[Caption-style text data]
——————

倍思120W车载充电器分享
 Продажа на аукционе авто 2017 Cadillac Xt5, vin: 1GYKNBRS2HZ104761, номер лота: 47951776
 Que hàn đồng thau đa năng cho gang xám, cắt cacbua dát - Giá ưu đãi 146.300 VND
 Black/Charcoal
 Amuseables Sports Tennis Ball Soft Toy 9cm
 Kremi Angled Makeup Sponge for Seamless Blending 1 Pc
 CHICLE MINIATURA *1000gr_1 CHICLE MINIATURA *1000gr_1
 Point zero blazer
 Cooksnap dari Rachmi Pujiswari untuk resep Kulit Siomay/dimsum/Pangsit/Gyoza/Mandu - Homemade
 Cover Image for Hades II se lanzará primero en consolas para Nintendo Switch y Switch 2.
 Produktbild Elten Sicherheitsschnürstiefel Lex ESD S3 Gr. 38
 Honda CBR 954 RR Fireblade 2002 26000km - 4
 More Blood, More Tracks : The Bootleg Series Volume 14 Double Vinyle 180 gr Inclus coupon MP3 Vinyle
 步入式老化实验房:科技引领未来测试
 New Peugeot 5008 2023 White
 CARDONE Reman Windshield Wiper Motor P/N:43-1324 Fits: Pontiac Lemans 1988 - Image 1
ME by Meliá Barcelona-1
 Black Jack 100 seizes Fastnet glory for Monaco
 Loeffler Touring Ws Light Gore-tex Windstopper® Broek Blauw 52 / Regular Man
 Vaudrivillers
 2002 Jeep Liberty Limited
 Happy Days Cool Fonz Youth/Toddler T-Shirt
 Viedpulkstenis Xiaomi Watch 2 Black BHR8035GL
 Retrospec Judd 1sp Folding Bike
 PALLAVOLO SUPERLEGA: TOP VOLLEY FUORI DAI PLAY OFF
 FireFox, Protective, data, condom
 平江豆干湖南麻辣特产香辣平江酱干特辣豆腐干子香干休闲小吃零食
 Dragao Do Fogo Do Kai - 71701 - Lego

——————

▸ EXERCISE BRIEF
Your task is to retype the entries verbatim, starting with the line that holds "Vaudrivillers" and stopping after the line that holds "平江豆干湖南麻辣特产香辣平江酱干特辣豆腐干子香干休闲小吃零食".

▸ RESULT
 Vaudrivillers
 2002 Jeep Liberty Limited
 Happy Days Cool Fonz Youth/Toddler T-Shirt
 Viedpulkstenis Xiaomi Watch 2 Black BHR8035GL
 Retrospec Judd 1sp Folding Bike
 PALLAVOLO SUPERLEGA: TOP VOLLEY FUORI DAI PLAY OFF
 FireFox, Protective, data, condom
 平江豆干湖南麻辣特产香辣平江酱干特辣豆腐干子香干休闲小吃零食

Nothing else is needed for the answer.